Supermarket model to guide safer shopping amid pandemic
A Skoltech team has developed a model for assessing infection risks for supermarket customers. The researchers believe that their model will help formulate scientifically backed rules for safe shopping during the pandemic. The paper was published in PLOS One.
The team included professor Maxim Fedorov, who serves as Skoltech's Vice President for Artificial Intelligence and Mathematical Modeling, and a research group led by professor Nikolai Brilliantov -- the Director of the Skoltech Center for Computational and Data-Intensive Science and Engineering (CDISE).
The composite model presented in the paper incorporates a social forces model that describes customer motions and interactions with other shoppers or obstacles and is known to realistically reproduce waiting lines and congestions in confined spaces, such as stairs, and customers' behavior during emergency evacuation. The approach is based on calculating several "forces" (see image), each describing a customer's tendency to maintain a comfortable speed, approach a target, avoid obstacles, etc.
Other components describe the purchasing strategy and retail space layout. Customers are known to behave differently, depending on the place they visit: a small shop, a supermarket, or a cafe. The team used customer behavior scenarios specific to supermarkets and several layouts with varying numbers of intersections and bottleneck widths. Finally, the team proposed a model of infection transmission by virus-containing aerosol droplets.
The researchers used their composite model in multivariate numerical simulations to assess infection risks depending on several factors, such as average customer density, social distancing, behavior scenarios, use of masks, and retail space geometry. It turned out that the infection rate is primarily determined by social distancing, and to a much lesser extent, by the supermarket layout or customer strategy.
Curiously enough, the team discovered that increasing customer density has only a slight positive effect on sales, so filling the store to the limit makes little sense not just epidemiologically but economically, too.

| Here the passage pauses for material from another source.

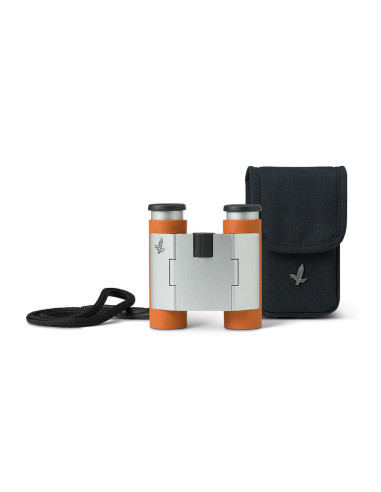 Swarovski CL Curio 7X21 Burnt Orange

"The functional version of our model, which we have made publicly available, can be used to assess the effects of various factors on the risk of infection. For example, you can optimize a store's operations in the pandemic environment by controlling customer flow, relocating specific items, and reconfiguring the retail area. Although our selection of layouts did not reveal a noticeable effect of space configuration on infection spread, geometry may be an important factor in other cases," Alexey Tsukanov, a co-author of the paper, comments.